The United States is somewhat unusual in how it treats the income of its citizens residing outside of its borders because of its use of a dual system of exclusions and credits. The US system allows citizens that are living overseas to exclude income that is earned up to certain limits while also allowing foreign taxes to be credited toward their US tax liability if certain requirements are met. Of importance is that any tax on income that is excluded may not be used as a tax credit. Most other nations use one system or the other for their citizens that are living abroad. The fact that the U.S. uses both systems creates even more tax complexity.
For 2017, the Foreign Earned Income Exclusion (“FEIE” from this point forward) is $102,100 To qualify for the exclusion, the filer must meet one of two requirements. First, the filer must have worked out of the country for 330 days for any 12 month period. (The 330 days may be split among two calendar years. For instance 200 days in the last part of one year then 130 days in the first part of the next year.) Or alternatively, the filer must be a Bona fide resident of another country. Bona fide resident is poorly defined. It is considered to be a fact and circumstances test because the IRS will study the facts and circumstances of a person’s residency. The IRS will review the reasons for claiming the provision such as where a person’s work, family, and main home are located to make a determination of residency. While the test may seem to be arbitrary, in many cases the taxpayer will gain a level of flexibility in travel if they choose to use this test over the more rigid fixed period test.
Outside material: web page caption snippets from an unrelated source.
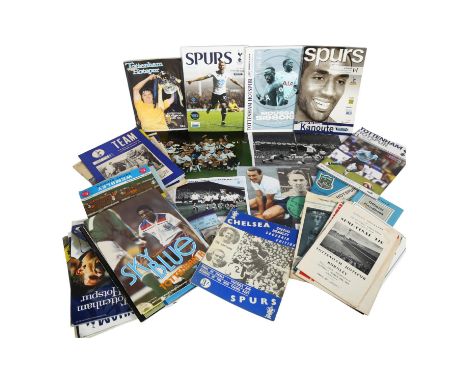 A quantity of Tottenham Hotspur Football Club ephemera, including a large quantity of football programmes, official handbooks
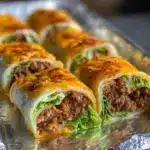 Low Carb Baked Big Mac Rice Paper Rolls Recipe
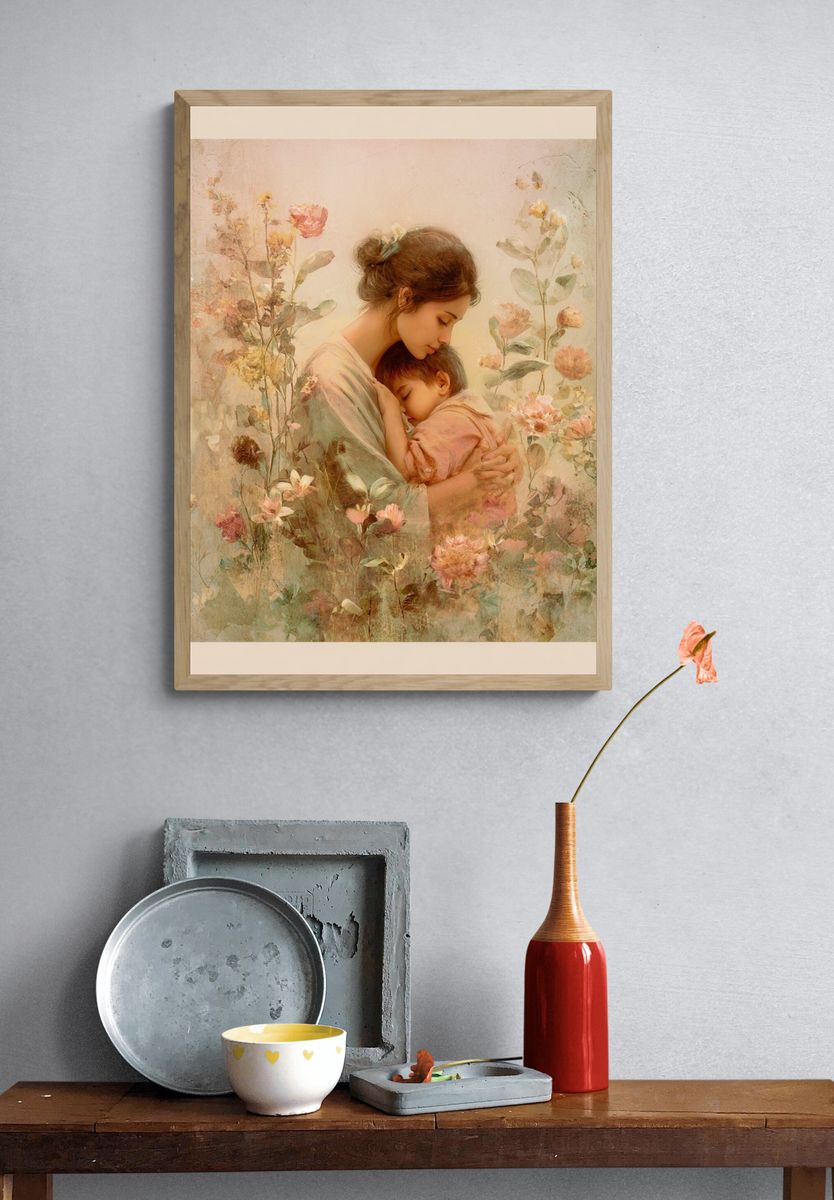 Mother and Child Floral Print. — room view 3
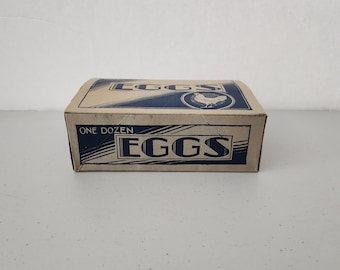 Vintage Egg Carton Box, One Dozen 1940s, W/ Baseball Player Paper Dolls, Standing Figures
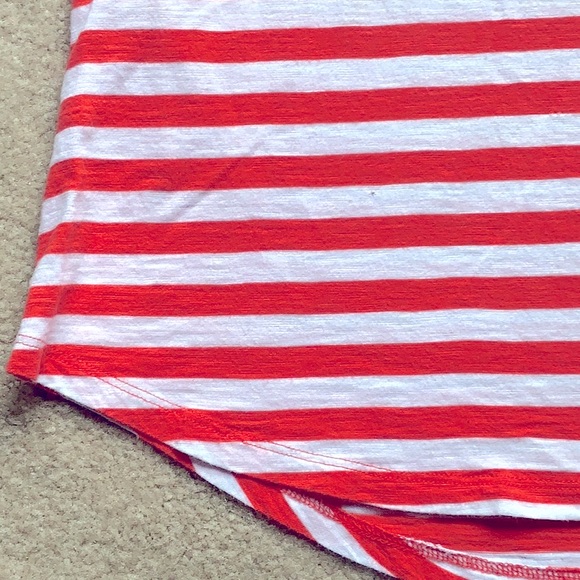 Land’s End Striped Orange & White Tee Sz XS 2-4 - Picture 5 of 5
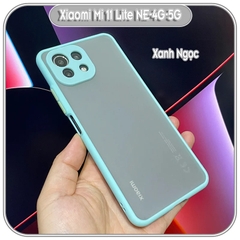 Ốp lưng cho Xiaomi Mi 11 Lite NE-4G-5G nhám viền màu che camera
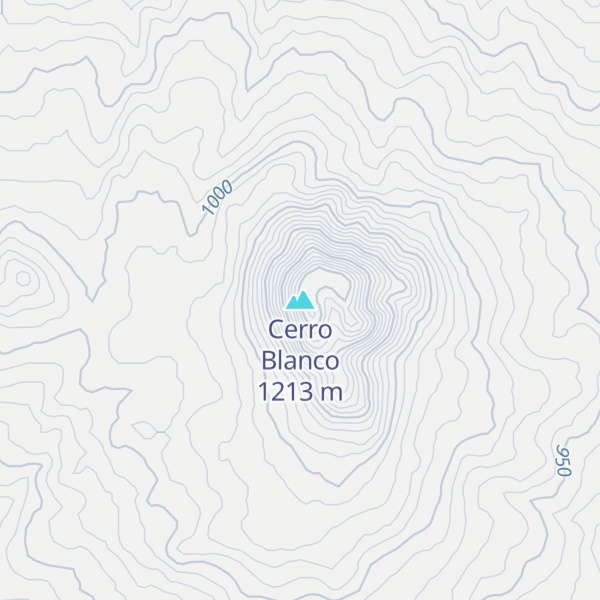 Map of Cerro Blanco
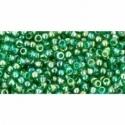 TOHO biseris, skaidrus vaivorykštinis Grass Green (167B), 11/0, 10 g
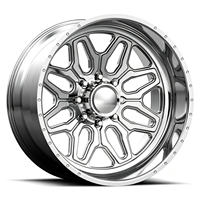 Jantes en alliage forgé sur mesure SL 26x16 28x16 30x16 8x165.1 8x170 8x180 à déport profond polies pour GMC Sierra 1500 et Ford F-350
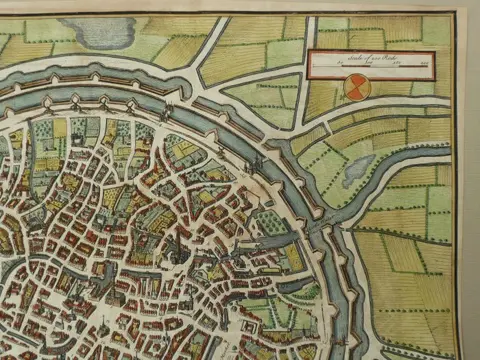 België, Brugge; N. Tindal - Bruges one of the principal Cities of Flandres - 1721-1750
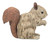 7.5" Brown and Ivory Sitting Squirrel Outdoor Figurine - IMAGE 1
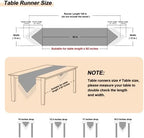 Loom and Mill Luxury Jacquard Damask Table Runner 13x108 inch, Beige - Image 3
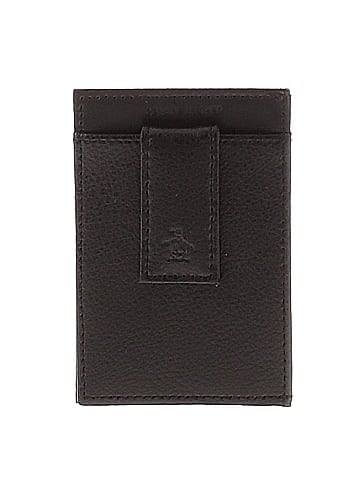 An Original Penguin by Munsingwear Leather Card Holder (view 2)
For income types that are not eligible for the FEIE exclusion or for earned income that exceeds the FEIE limits, US tax payers with foreign source income are able to utilize the Foreign Tax Credit (“FTC” from this point forward) to negate the effects of double taxation. The FTC allows eligible foreign taxes to be used as either a deduction from income or they can be used as a credit against US tax liability. It is important to note that when used as a credit, the FTC can only be used up to the amount of US tax liability for the same year. The credit is not refundable. However, a person subject to a limitation on the credit is able to utilize the credit by carrying it back 1 year then carrying it forward for 10 years. In order to claim a refund on the 1 year carry back, the individual needs to file form 1040x amended return.
For foreign taxes to qualify for the credit they must meet five tests :
A. The tax must be imposed upon the tax payer.
B. The tax must have been paid or the tax must have been accrued.
C. The tax must be the legal and actual foreign tax liability.
D. The tax must be an income tax (or a tax in lieu of an income tax).
E. The tax must arise from income that is subject to taxation in the foreign country.
There are also type of taxes that are excluded from “Foreign Taxes for Which You Cannot Take a Credit” Those taxes are :
Taxes on excluded income;
Taxes for which you can only take an itemized deduction;
Taxes on foreign mineral income;
Taxes from international boycott operations;
A portion of taxes on combined foreign oil and gas income; and
Taxes of US person controlling foreign corporations and partnerships who fail to file required information returns.
One of the most important facts about the taxation of US expats living overseas is that any income earned in the United States is taxable first in the United States. If an expatriate has income from the United States they will owe tax on that income.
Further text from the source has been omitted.